China data expected to show signs of economic stabilisation
While data due Wednesday is set to show the world’s number two economy slowed in the first quarter to an annual pace of 6.3 per cent, monthly readings of retail sales, investment and industrial output will be scrutinised for signs of renewed health.
Analysts from banks including HSBC Holdings and Goldman Sachs are among those expressing increasing confidence in the Chinese outlook. Corporate tax cuts, an upswing in manufacturing and expected progress on a US trade deal are among the factors buoying optimism.
“China’s GDP data will show the economy slowed again in the first quarter, likely to the weakest pace since 1990,” said Tom Orlik, chief economist at Bloomberg Economics. “Even so, early indications suggest March data will be more positive, as accelerating credit expansion puts a floor under domestic demand. We think the first quarter will be the bottom for the year.”
Here’s our weekly rundown of key economic events:
The Chinese economy is predicted to have slowed from 6.6 per cent in the three months at the end of last year, according to the median forecast of a Bloomberg survey. But industrial production is forecast to have grown 5.6 per cent in March and retail sales are seen advancing 8.3 per cent in the year to date.
On Thursday, Korea’s central bank is forecast to keep rates steady, while a jobs report in Australia will be closely watched – not least by the nation’s politicians who are in election mode ahead of a May 18 vote in which employment and the economy will be a key battleground.
The main event is the Federal Reserve’s Beige Book, which will provide an insight into how healthy central bankers feel the economy is. Trade balance data on Wednesday, retail sales on Thursday, and a series of housing figures capped by starts and building permits on Friday will provide further clues. US-Japan trade talks also get under way in Washington.
Europe, Middle East and Africa
The top highlight in the euro-area will be the first take of the region’s purchasing managers’ indexes, due on Thursday, which will provide an update on the state of the region’s slowdown in the second quarter as the European Central Bank prepares to calibrate its new round of loans for banks. The gauge melding readings from services and manufacturing is projected to come in at 51.8 versus 51.6 in March. In the UK, four consecutive days of releases will provide a health check on how its economy is faring with Brexit. Data include asking prices for homes, inflation, unemployment and wages, retail sales and public finances.
Turkish unemployment and industrial production data will show the depth of the slowdown in the Middle East’s largest economy amid concerns about sudden drops in the central bank’s foreign reserves. Russian consumer data on Wednesday will be a test for the stats agency, whose credibility has come under scrutiny. Analysts expect Ghana to report fourth quarter GDP growth of 6.8 per cent on Wednesday; the IMF says the West African nation will be the fastest-growing economy in the world this year.

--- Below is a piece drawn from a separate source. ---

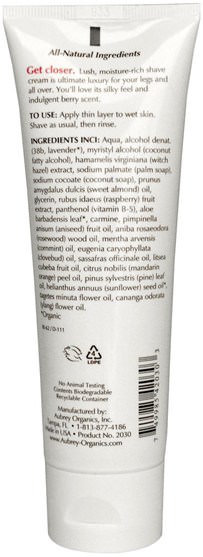 健康，皮膚，剃須膏 - Aubrey Organics, Creme de la Shave, Raspberry Honey, 4 fl oz (118 ml)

In a key development for the region’s biggest economy, legislation to rein in government pension spending that is seen as vital to putting Brazil’s finances back in order is expected to clear a first hurdle in congress Wednesday. In Argentina, a government report Tuesday is likely to show annual inflation is over 50 per cent, a pace that means the recession-bound economy is stuck with world’s highest interest rates for now.